Malema vows to fight for mine nationalisation

Malema Vows To Fight For Mine Nationalisation

ANC Youth League leader Julius Malema has promised to ensure that ANC leaders who oppose his efforts to put the country’s mines in the state’s hands are removed, the Sunday Independent reported.

“Comrades we are not threatened … we will fight until we realise economic freedom in our lifetime. Political power without economic power is useless,” he said at the launch of the league’s nationalisation campaign in Maandagshoek, Limpopo.

  • ANC national general council special report
  • If mining did not benefit the majority of South Africans, the league would ensure it didn’t benefit the minority of the country’s people either, he reportedly said.

    He referred to mines in Limpopo as “daylight robbers”.
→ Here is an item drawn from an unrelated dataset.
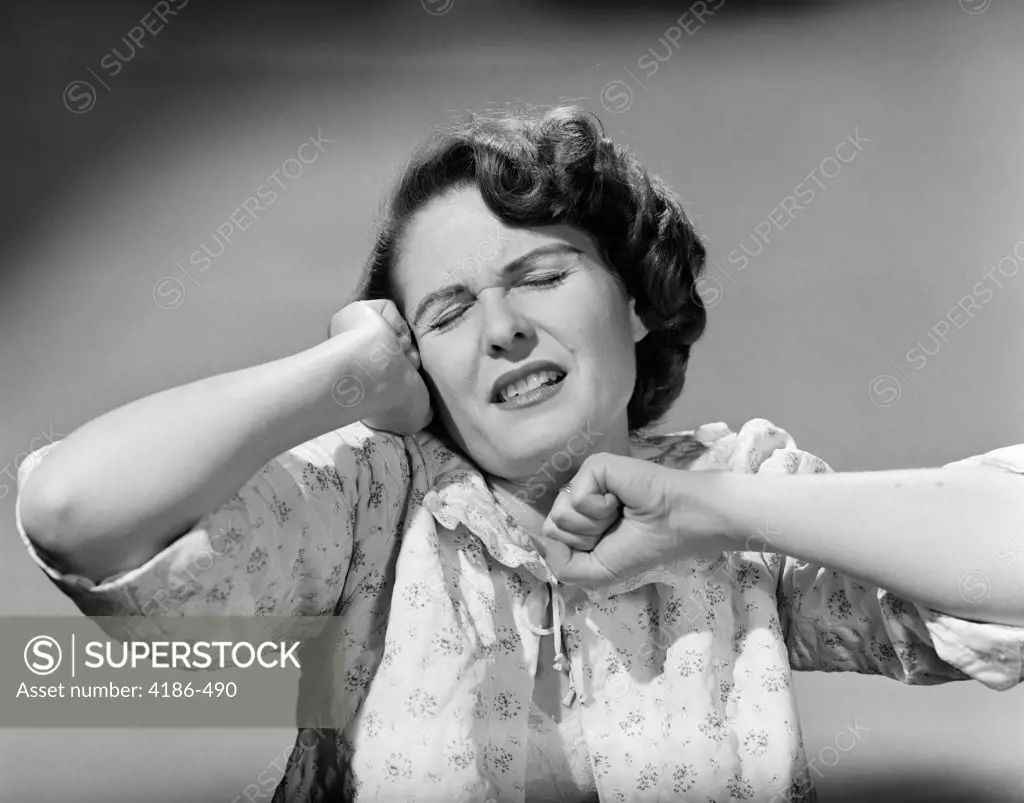 1950S Woman Eyes Closed Stretching Waking Up Wearing Nightgown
    “The people who steal these resources play golf in London. They know nothing about your poverty. These mines [have] brought nothing but sickness.”

    On the agenda
    At the ruling party’s recent conference in Durban, the youth league succeeded in placing the nationalisation debate firmly on the agenda.
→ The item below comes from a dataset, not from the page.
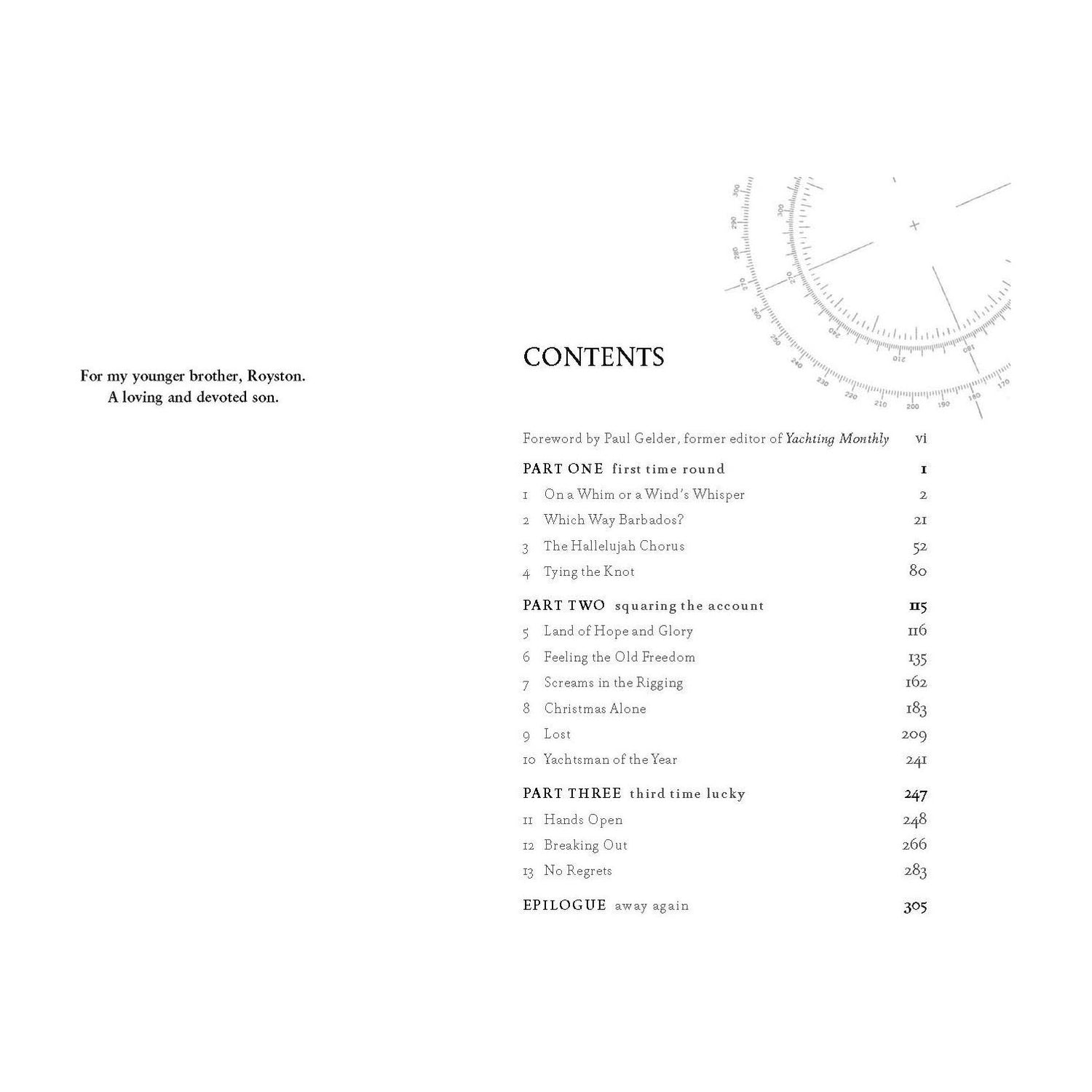 The image features the contents page of the book "Solitaire Spirit" by Adlard Coles, along with a dedication: "For my younger brother, Royston. A loving and devoted son." The contents list parts, chapter titles, and page numbers on a circular design reminiscent of sailors like Les Powles.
    At the start of the conference, the league’s secretary general, Vuyiswa Tulelo, spelled out the kind of position the league wanted from the national general council.

    “They must say we’ll talk about it again at the policy conference [in mid-2012] and take a decision at [the national conference in] Mangaung,” she said in the lobby of Durban’s Hilton Hotel.
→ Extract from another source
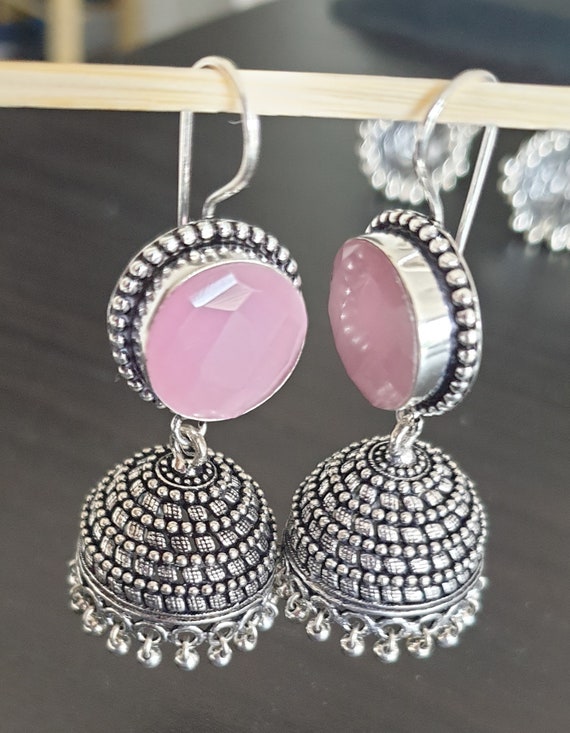 Oxidised Silver Jewellery Colour Crystal Hook Jhumka jhumki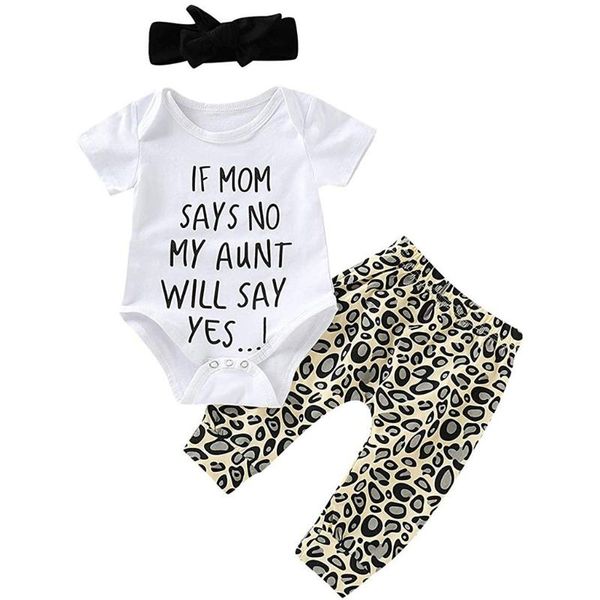 

34#letter mothers day newborn baby outfit 3pcs girls short sleeve print romper+leopard pants+headband set baby summer clothes, White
    The nationalisation discussion was marked by booing and heckling, and leaders such as ANC secretary general Gwede Mantashe tried to shift the focus from mines by arguing that Postbank should be “nationalised” as a proper bank.

    In the end Deputy Public Enterprises Minister Enoch Godongwana and Planning Minister Trevor Manuel were brought out to explain the outcome of the discussion to the world’s media.

    Godongwana afterwards grudgingly admitted to journalists that “nationalisation got as far as it did” in the ANC’s cycle of debate because he, as chairperson of the economic transformation committee, had not done enough to counter the youth league’s discussion documents.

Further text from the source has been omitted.